Tuesday, August 23, 2011

A House Divided

Sex, Money, and Families - the three topics couples argue the most about, all have the same thing in common, they are hard to share because we have different viewpoints.  It's my body, my money, and my family, but in marriage we have to negotiate to make it all OURS.  Fights about families usually revolve around how to handle our insane in-laws or the blog topic for today - how to handle parenting.

The problem is that most us feel like we have no idea what we are doing but we are positive that what our spouse is doing must be screwing up our kids.  We'll never say it but we feel like if our spouse would just totally adopt our way of parenting then we could create perfect children - problem is it is a theory we can never prove. When parents come at the same kids with two different approaches often the result is two people undermining what the other parent is doing resulting in a net gain of zero.  Chances are if you backed off completely and just went with their approach or they went with yours, either way it would create more productive parenting, but no one will give in and while the parents bicker the child skates off whistling, thankful you created the smokescreen for their getaway.  How does this come about?  Does anyone go into parenting thinking "I sure hope I can be so hard on my kids that they tremble when I walk in the room, placate me in my presence and then talk junk about me when I leave the room" or "I want my kids to some day see me as just their peer, disrespect me openly, but at least let me be their confidante, but with no authority at all."  But that is where couples find themselves due to Parental Polarization.

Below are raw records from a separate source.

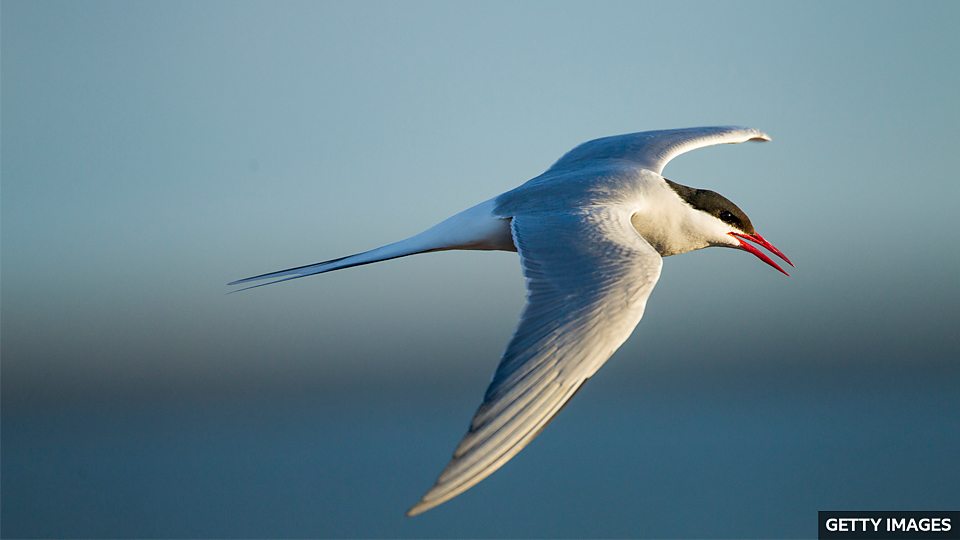The Arctic tern's epic journey 北極燕鷗的漫長遷徙之旅The Arctic tern's epic journey 北極燕鷗的漫長遷徙之旅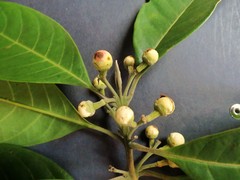 Rhodomyrtus macrocarpa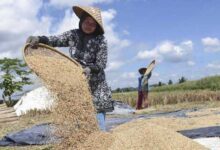 Harga Gabah Di Provinsi Sumatra Selatan Terus Merosot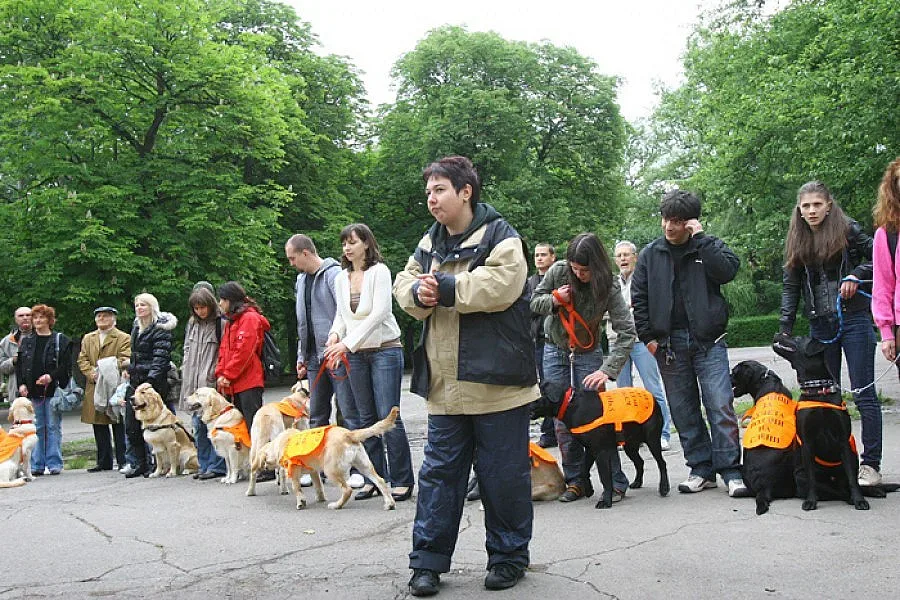 Инициатива в София ни поставя на мястото на незрящи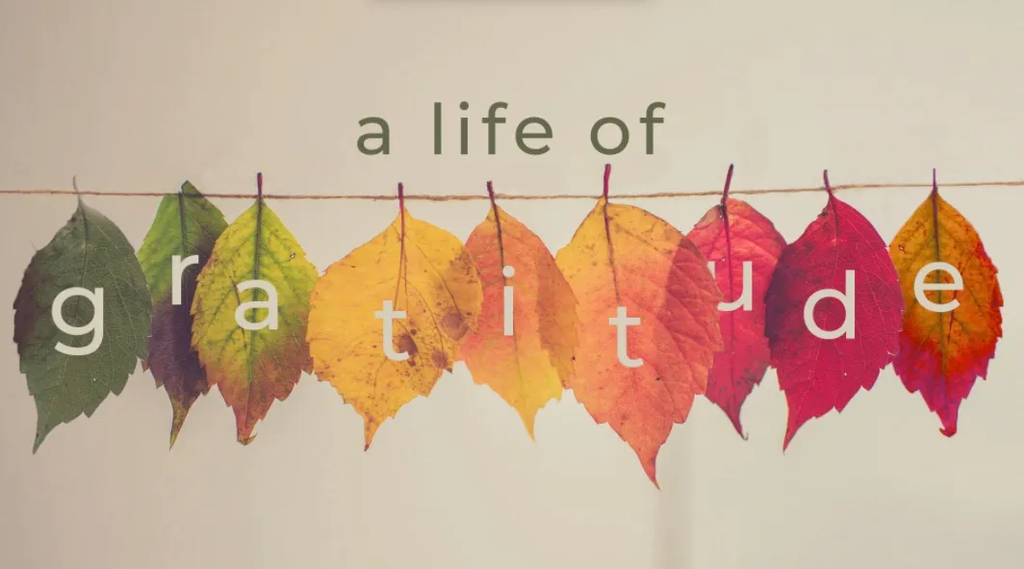 a life of gratitude
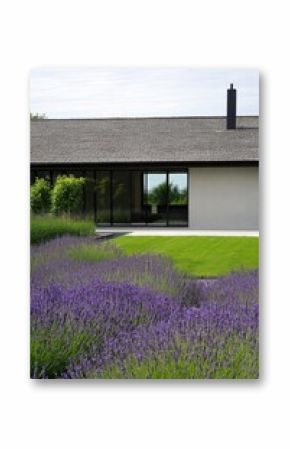 Modern house surrounded by lavender fields in bright daylight showcasing elegant architecture and serene landscape design with lush greenery and vibrant flowers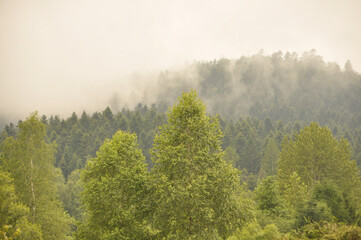 fog, smoke over the forest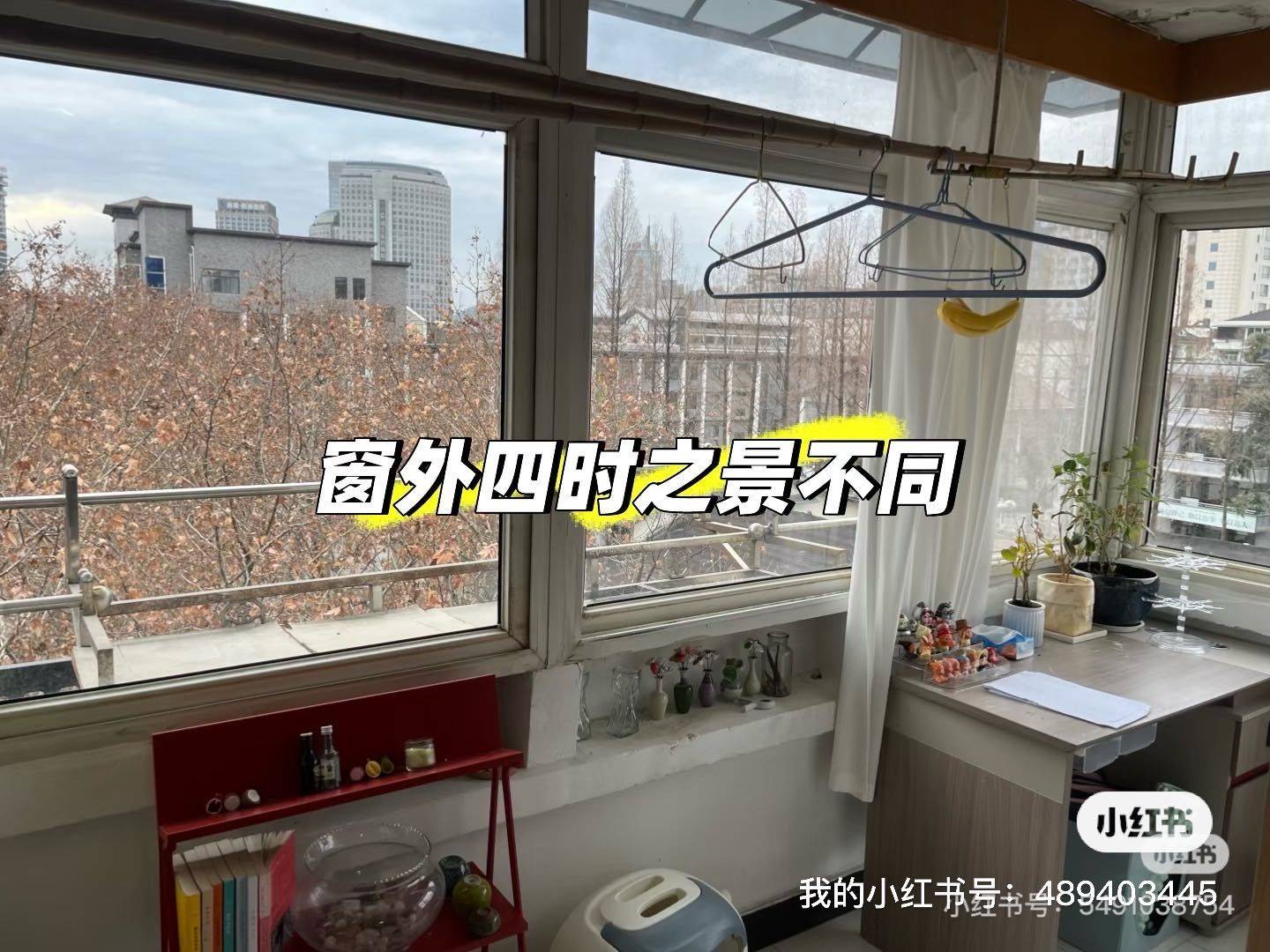 鲨鱼泡椒整租房源3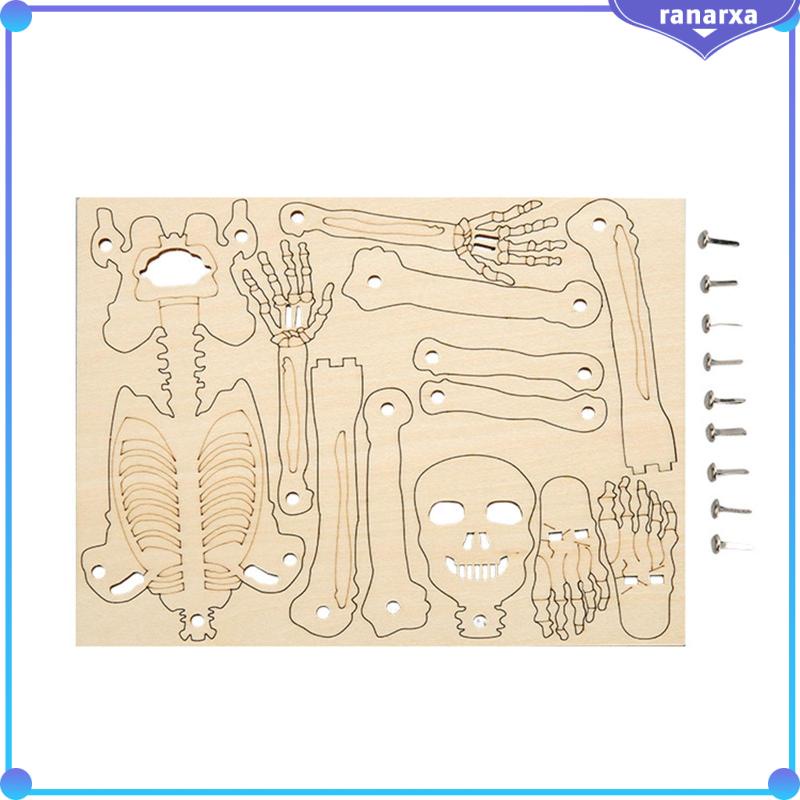 Mô Hình Bộ Xương Người Bằng Chất Liệu Bền Giáo Dục Cho Bé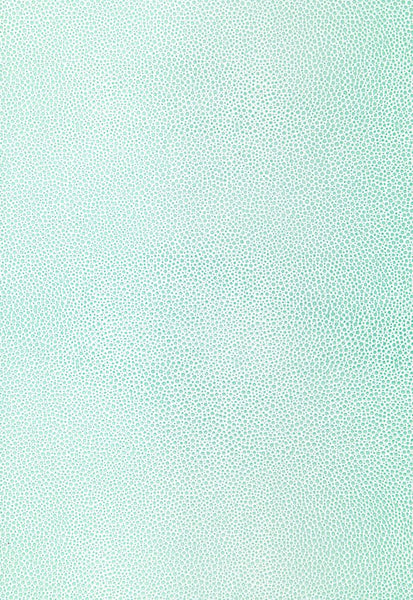 FSchumacher Wallpaper 5005851 Shagreen Caribbean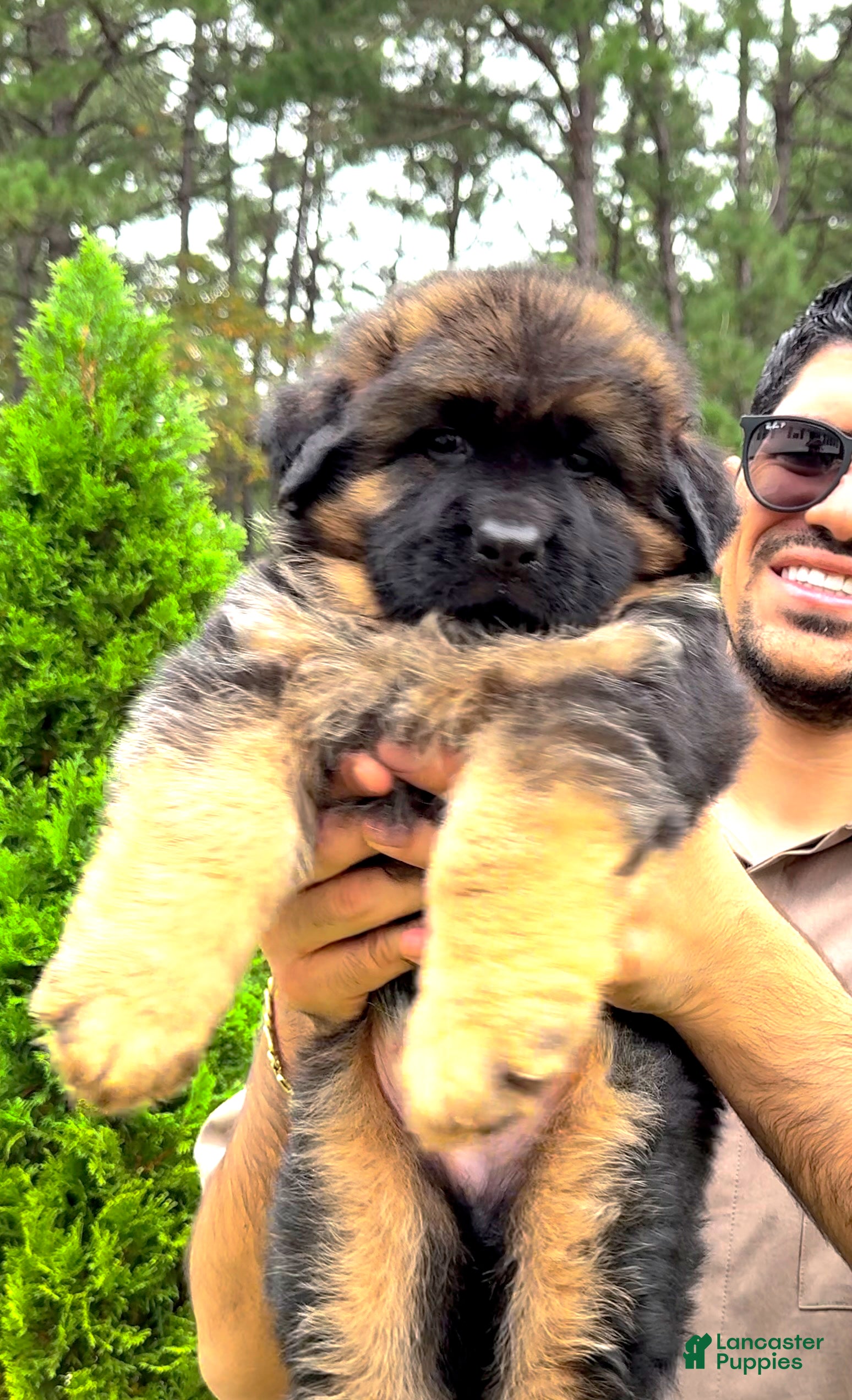 German Shepherd dogs Simba - Ad 1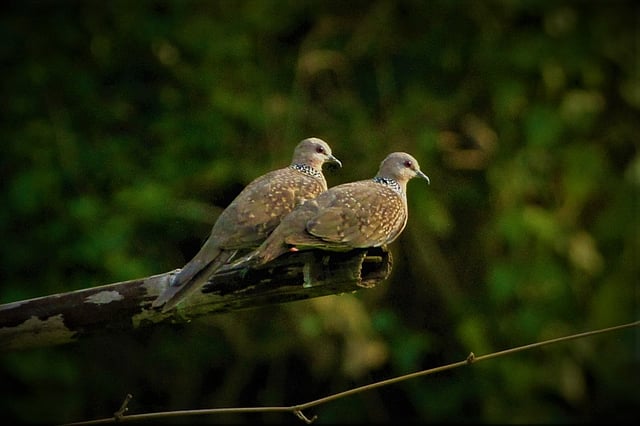 পাহাড়ে দেখা মেলে তিলা ঘুঘু। বগাপাড়া, ঘাগড়া, কাউখালী, রাঙামাটি, ৬ সেপ্টেম্বর। ছবি: সুপ্রিয় চাকমা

The same thing happens with finances or other areas where at the beginning of marriage one spouse is a little more frugal and concerned with saving than the other, while the other is a little more impulsive and comfortable enjoying their income.  Pretty soon the saver has to compensate for the spender and vice versa and before long they are far more extreme than they started or even they want to be.  With parenting we each start a little more towards focused on the rules or focused on the relationship, but before long we overcompensate for the other and become polarized caricatures of parents.  The strict one feels like the kids will get away with murder if they don't step in and correct them, because heaven knows their pushover partner will never make the kids listen.  The permissive one feels like the poor kids will be crushed under the cruel dictatorship of their partner unless they swoop in to console and reassure, letting them have a little bit of freedom.  The result - they both openly or subversively undermine the authority of the other resulting in kids who are at best confused and at worst decide to discount them both.  In mid-tirade, vein freshly bulging the strict parent gets lopped off at the knees when the savior parent swoops in to reassure the kids that the cruel ogre in their midst really doesn't have the power to make their lives miserable, they won't let them.  As the permissive parent reason's with the kids hoping to convince them to want to do what they want the, the strict parent barges in and in one quick interchange establishes that the other parent never had any credibility, and should continue to be ignored.  When we get mad at the other parent totally undermining our parenting it just gets interpreted as them pushing their "I hate rules" or "I hate the kids" agendas and the bickering just continues.

The solution - you have to have a balance of rules and relationship, they have to be independent of each other, and they both must be pursued by both parents simultaneously.  This means it is vitally important for kids to be taught right and wrong, cause and effect, have their character shaped with consequences, and be held accountable for their actions so they become respectful, responsible adults.  It is equally important that they feel loved, cared for, accepted for who they are, and comfortable sharing their inner world with their parents so they grow up not being a people pleaser, a perfectionist, or full of shame.  It's important that each parent balance both of these, using God's example of being the perfect balance of grace with truth, so they get the full message without two messages drowning each other out.  So this means if each parent needs to overcompensate it isn't in the direction away from what their partner is doing, but rather towards it.  The black and white rules lawyer concerned with what the neighbors think of their parenting job needs to focus on building a strong healthy relationship with their children full of grace.  The bleeding heart rescuer wanting to spare their kids from any hurt, disappointment, or consequences needs to focus on establishing real authority with rewards and punishments taking their kid's character seriously.  The key to doing this is seeing each role separately and not allowing them to overlap.  Just because your kid screws up royally doesn't mean you should pull back on your relationship with them - that's not what God does for us, he maintains his relationship with us through any and all mistakes because he loves us and we are His, not because we are lovable.  And just because we want our kids to feel loved and cared for doesn't mean we ignore their poor character and shield them from their own consequences, that's now what God does, and it really isn't loving it's just pleasing.